After the real estate sector’s structural crisis in 2021, reforming the property market seems inevitable, and implementing a property tax is the first step toward property market reform. In an essay in Qiushi, the official theoretical journal of the Chinese Communist Party, top leader Xi Jinping singled out a property tax as the flagship project for property market reform and vital to his “Common Prosperity” campaign. Following Xi’s essay, the National People’s Congress drafted and approved a decision to expand the property tax experiment. Minister of Finance Liu Kun declared that the Ministry must “prepare for property tax experiments.” As a result, an insider of the Chinese government predicted with confidence that the central government would launch property tax during the 2022 National People’s Congress.

In Xi’s eyes, the real estate market is the epitome of China’s unsustainable growth model. It supports nearly 25 percent of China’s GDP, a rate higher than both Spain and Ireland before the Eurozone crisis. Since the housing market reform in the late 1990s, Chinese housing prices have grown so fast that a typical apartment in Beijing now costs 25 times the annual wage. Thus, high housing prices add a tremendous burden on Chinese people and suppress their consumption and innovation power.

In addition, the collapse of Evergrande Group, one of China’s biggest real estate developers, showed that the real estate sector might become a ticking time bomb for the Chinese economy. As a result, Xi has made reforming the real estate sector his primary target for the Common Prosperity campaign, declaring that “houses are for living, not for speculation.”

The root causes of China’s distorted real estate markets are twofold. From the supply side, the 1994 fiscal system reform shifted tax money to the central government without reducing the burden on local governments. As a result, local Chinese governments cover over 80 percent of all government expenditures while only receiving half of the tax money. Facing local resistance, then-Premier Zhu Rongji, the engineer of this reform, made a deal with the localities that allowed them to raise their own government budget by all means. Thus, with the acquiescence of Beijing, local governments across China use land sales as the most important source of revenue and artificially keep the property prices high.
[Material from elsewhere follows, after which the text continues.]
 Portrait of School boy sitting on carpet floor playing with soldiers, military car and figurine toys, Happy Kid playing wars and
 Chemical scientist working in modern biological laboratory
From the demand side, a financial repression policy that aims to benefit banks and state-owned enterprises deprives Chinese households of viable investment options. Thus, the Chinese middle class views the ever-booming housing market as the most profitable place to put their money. As one Chinese observer said, only the housing market constantly generates positive returns to investors.
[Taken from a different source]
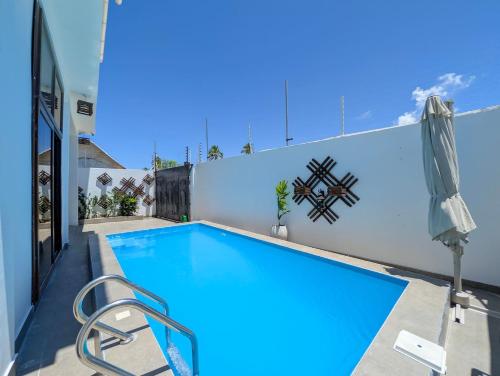 a swimming pool in the backyard of a house at Villa Goli 3BR Private Pool Villa, Paje in Zanzibar City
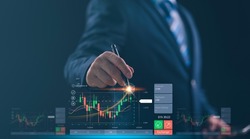 planning analyze indicator and strategy buy and sell, Stock market, Business growth, progress or success concept. Businessman or trader is pointing a growing virtual hologram stock, invest in trading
On paper, a property tax is a perfect solution to correct the market distortion. It both disincentivizes people from viewing real estate as an investment tool and raises budget for local governments. As a result, Xi assigned Han Zheng, the executive vice premier and the potential successor for Premier Li Keqiang after the 20th Party Congress, the task of rolling out a comprehensive property tax plan. However, Xi’s property tax plan received negative comments from both CCP elites and rank-and-file members; even retired senior party leaders petitioned against the new tax. They argue that since many party members own more than one property, the tax will add an unnecessary burden and become a social stability issue.

In addition, Xi’s ambitious goal of taming the property market does not align with the interests of local officials, who view generating economic growth, securing government budgets, and preventing social chaos as their priorities. Cadres from Shanghai emphasized “stability” as the most important goal of their economic work in 2022. For them, the emphasis on stability means the Shanghai government will bail out real estate developers to prevent a housing market crash. An official said, “The real estate price of Shanghai will never fall, just like the housing price of New York.” Another economic planning official explained that the Shanghai government must increase infrastructure investment by 14 percent to offset the shrinking housing market.

However, Shanghai is unlikely to hit this infrastructure investment increase target since most infrastructure has already been built. Therefore, the government will support the housing market by freeing real estate developers from regulations on land-rights conversion, receiving bank loans, selling houses, and issuing bonds.

What is the rationale for this plan, which essentially undoes the de-leveraging campaign in the past five years? After all, Xi has expressed that GDP growth is no longer the sole indicator in cadre evaluations. The new Five-Year Plan also abolished the annual GDP growth target in favor of slower but more balanced “high quality” growth.

The Shanghai official admitted that the city did not receive an economic growth target from the central government. However, the cadre also said that the importance of economic performance is embedded in the mind of officials because they suffer comparisons with other local leaders. Generating higher GDP growth is still the best way for ambitious officials to outshine their peer competitors and secure promotion. This consideration might be especially true for Shanghai Party Secretary Li Qiang, a rising star in Chinese politics who has the aspiration to bid for vice premier, or even a seat in the Politburo Standing Committee, during the 20th Party Congress this fall.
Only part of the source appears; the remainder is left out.